By Ashoke Agarrwal
Does John Wanamaker’s lament, “Half my advertising spend is wasted; the trouble is I don’t know which half.” hold in the digital marketing era?
First, the question to ask is whether Wanamaker knew what waste meant.
Did Wanamaker measure the efficacy of his advertising spending over a given period -weekly, quarterly or yearly- in terms of sales in the immediately subsequent period? Or did he also take the brand lift – changes in his brand’s top-of-mind, unaided and aided awareness and share of the consideration set -into account? Wanamaker probably did not. Sales figures are always at hand, and brand lift needs consumer research. And Wanamaker probably had another zinger ready about the cost and efficacy of consumer research.
However, the fact that brand lift is a second-order metric does not detract from its importance. In FMCG categories, brand lift determines a brand’s position and potential shifts in the Markov Chain that determine stable shifts in market share. In categories with longer purchase cycles, low or negative brand lifts in one period could lead to a loss of market share in the next.
In the early days of the Internet and social media, the promise was that marketing would evolve into an interactive one-on-one relationship between brands and their consumers. But then, with the arrival of the third-party cookie, this early promise crumbled.
Digital Marketing evolved into a click-baiting exercise driven by algorithms that stalked people until they could lure them to click. The AIDA (Awareness-Interest-Desire-Action) model at the core of marketing fell by the wayside, along with concern for brand lift and consumer research.
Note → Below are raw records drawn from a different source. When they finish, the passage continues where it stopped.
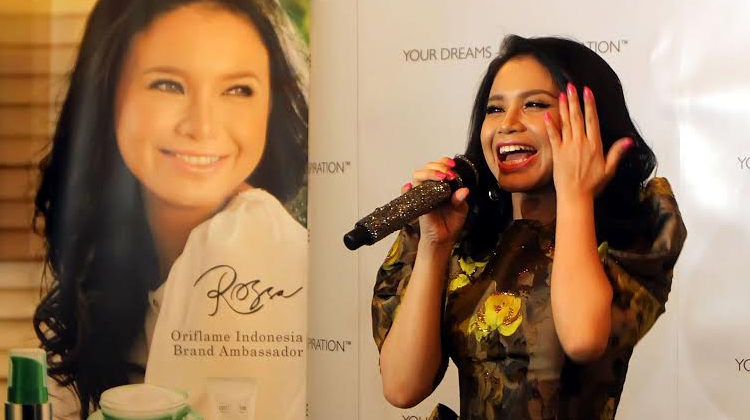 20140505_190208_rossa-dalam-pengenalan-sebagai-brand-ambassador-oriflame.jpg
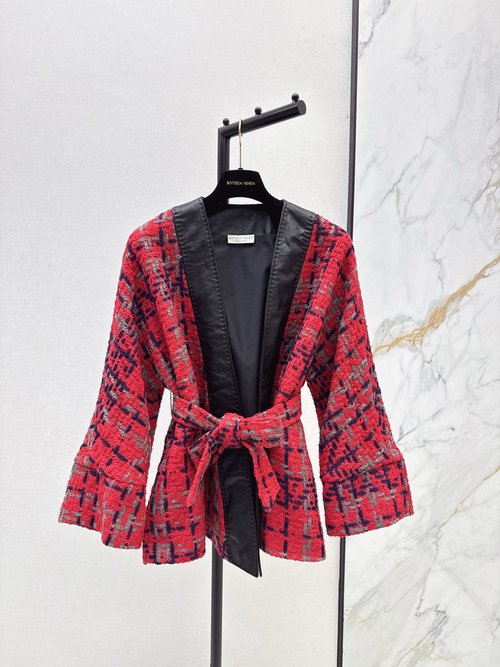 Bottega Veneta Elegant and Noble Leather-Trimmed Knit Coat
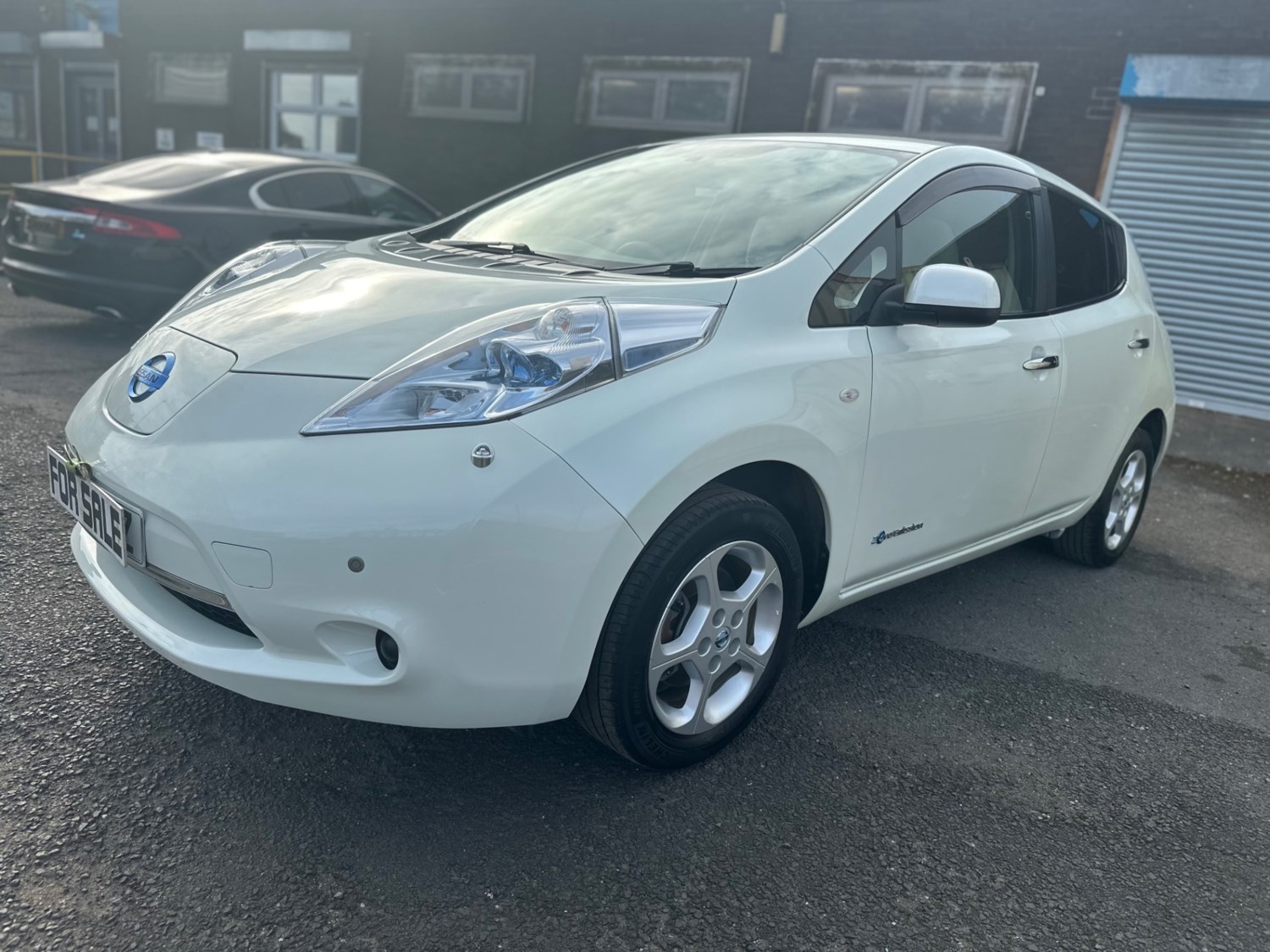 Nissan Leaf Listing Image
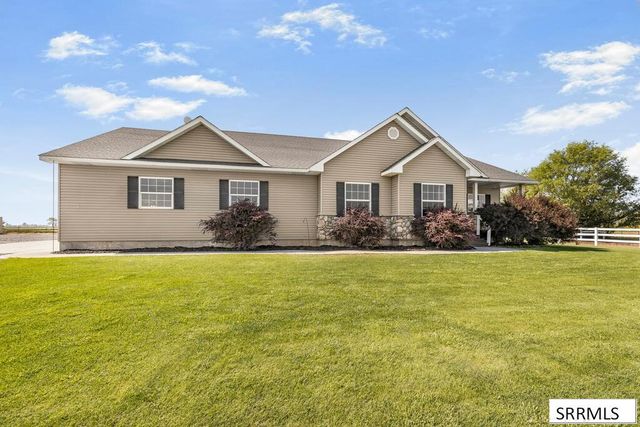 2140 E 200 N, St Anthony, ID 83445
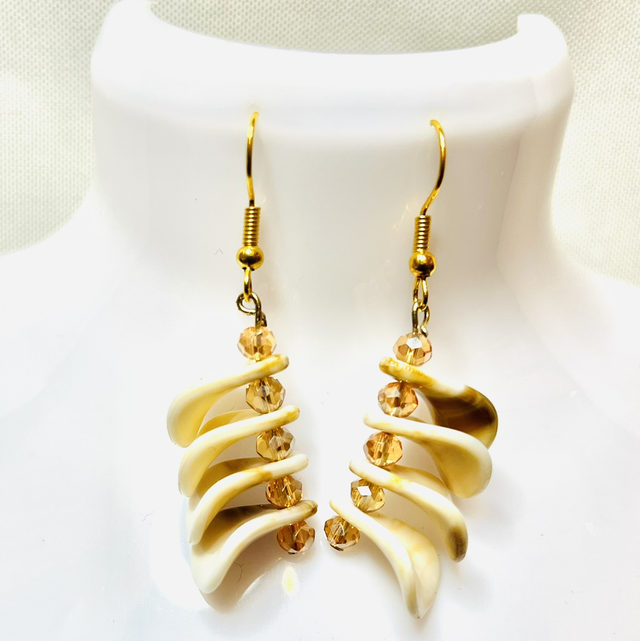 Handgemaakte Schelp Oorbellen met Amberkleurige Kralen – Bohemian Elegantie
Digital marketing aided by third-party cookies continued to thrive and take an increasing share of overall spending as the ROI in immediate sales was directly visible in terms of cost per click and conversions per click and profitable. A digital-age Wanamaker would know which part of his digital campaign generated more clicks and clicks from which source led to better sales.
Big consumer marketing companies that built brands in the mass media era embraced digital marketing while retaining the core principles of marketing.
They encouraged their digital agencies to focus their messaging and targeting on creating positive brand awareness and consideration. In effect, these companies gave equal importance to the impact of a digital message and campaign on those who didn’t click.
Some digital metrics measure brand lift. One such is the number of Google search words containing the brand name measuring against the searches with the category name and searches with competitive brands.
The big established brands also had consumer research that regularly measured brand lift.
The digital era has seen the emergence of digital-native or digital-first brands. For these brands, digital was their raison d’etre. It was digital that allowed them to be as small or niche a market; it was digital that allowed them to bootstrap; it was digital that allowed them to experiment and evolve.
Many of these digital brands fell by the wayside. Others were like meteors, burning bright and then fading away. Quite a few lasted long enough to ask questions like where to go from here – when they start pondering growth beyond the next quarter, brand loyalty, brand equity, etc. Now, is when some of them turn to digital metrics that measure such things and even consumer research. Some of them, I can attest, take to the fundamentals of old-fashioned marketing with a vengeance.
Though I am still waiting to see concrete data in this regard, the general sense is that digital marketing ROIs are beginning to fall. If true, the reasons are two-fold – the ongoing abolition of third-party cookies and increasing digital clutter.
As a result, even new digital-first brands are beginning to evaluate their digital campaigns the old-fashioned way – giving importance to immediate sales and brand lift, leading to adtech and consumer research innovation.
Tech start-ups offer SAAS solutions to marketers, and agencies are emerging, which enables them to fine-tune their campaigns to optimise between brand lift and sales. Some of these solutions sit atop the Demand Side Platforms (DSPs) within the programmatic buying ecosystem.
In digital messaging, content marketing has become a core part of the digital communication strategy besides messaging that drives clicks and sales.
Will the emergence of AI in marketing accelerate this brand-building trend in digital marketing? Or will it result in a virulent reversal to the click-bait era aided by the superior pattern-recognition ability of Machine Learning? On the other hand, AI may give rise to an entirely new marketing era, an era in which the AI avatar of a brand markets directly to the AI avatar of a consumer, fulfilling, in a way, the initial promise of the digital area – one-to-one AI-to-AI marketing! I wrote about such a situation in a blog post in February 2022 -“The Post-Digital Age and the Coming of Concierge Intelligence.” We live in interesting times.